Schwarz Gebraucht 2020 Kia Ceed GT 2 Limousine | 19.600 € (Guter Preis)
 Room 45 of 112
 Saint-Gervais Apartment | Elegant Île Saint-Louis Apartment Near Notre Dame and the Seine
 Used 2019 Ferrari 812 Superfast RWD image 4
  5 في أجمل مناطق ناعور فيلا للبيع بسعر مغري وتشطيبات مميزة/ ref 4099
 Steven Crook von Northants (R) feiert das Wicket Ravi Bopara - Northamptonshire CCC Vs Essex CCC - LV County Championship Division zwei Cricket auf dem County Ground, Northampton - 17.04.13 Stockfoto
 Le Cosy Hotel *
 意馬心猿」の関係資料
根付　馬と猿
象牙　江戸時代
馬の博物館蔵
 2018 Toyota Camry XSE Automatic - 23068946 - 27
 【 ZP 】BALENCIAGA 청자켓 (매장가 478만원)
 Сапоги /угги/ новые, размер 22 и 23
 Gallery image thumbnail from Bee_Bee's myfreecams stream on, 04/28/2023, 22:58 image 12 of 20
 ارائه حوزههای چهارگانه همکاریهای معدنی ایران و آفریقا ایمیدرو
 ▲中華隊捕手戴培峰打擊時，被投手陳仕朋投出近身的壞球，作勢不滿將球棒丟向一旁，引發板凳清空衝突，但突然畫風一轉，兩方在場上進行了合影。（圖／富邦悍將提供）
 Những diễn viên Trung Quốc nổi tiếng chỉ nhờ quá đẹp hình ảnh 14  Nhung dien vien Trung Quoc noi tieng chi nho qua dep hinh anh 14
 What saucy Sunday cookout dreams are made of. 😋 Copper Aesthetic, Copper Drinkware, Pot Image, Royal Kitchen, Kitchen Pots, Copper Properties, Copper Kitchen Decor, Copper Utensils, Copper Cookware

--------

## Problem requirements
All the lines above need to be retyped exactly, with nothing left out.

## Answer box
Schwarz Gebraucht 2020 Kia Ceed GT 2 Limousine | 19.600 € (Guter Preis)
 Room 45 of 112
 Saint-Gervais Apartment | Elegant Île Saint-Louis Apartment Near Notre Dame and the Seine
 Used 2019 Ferrari 812 Superfast RWD image 4
  5 في أجمل مناطق ناعور فيلا للبيع بسعر مغري وتشطيبات مميزة/ ref 4099
 Steven Crook von Northants (R) feiert das Wicket Ravi Bopara - Northamptonshire CCC Vs Essex CCC - LV County Championship Division zwei Cricket auf dem County Ground, Northampton - 17.04.13 Stockfoto
 Le Cosy Hotel *
 意馬心猿」の関係資料
根付　馬と猿
象牙　江戸時代
馬の博物館蔵
 2018 Toyota Camry XSE Automatic - 23068946 - 27
 【 ZP 】BALENCIAGA 청자켓 (매장가 478만원)
 Сапоги /угги/ новые, размер 22 и 23
 Gallery image thumbnail from Bee_Bee's myfreecams stream on, 04/28/2023, 22:58 image 12 of 20
 ارائه حوزههای چهارگانه همکاریهای معدنی ایران و آفریقا ایمیدرو
 ▲中華隊捕手戴培峰打擊時，被投手陳仕朋投出近身的壞球，作勢不滿將球棒丟向一旁，引發板凳清空衝突，但突然畫風一轉，兩方在場上進行了合影。（圖／富邦悍將提供）
 Những diễn viên Trung Quốc nổi tiếng chỉ nhờ quá đẹp hình ảnh 14  Nhung dien vien Trung Quoc noi tieng chi nho qua dep hinh anh 14
 What saucy Sunday cookout dreams are made of. 😋 Copper Aesthetic, Copper Drinkware, Pot Image, Royal Kitchen, Kitchen Pots, Copper Properties, Copper Kitchen Decor, Copper Utensils, Copper Cookware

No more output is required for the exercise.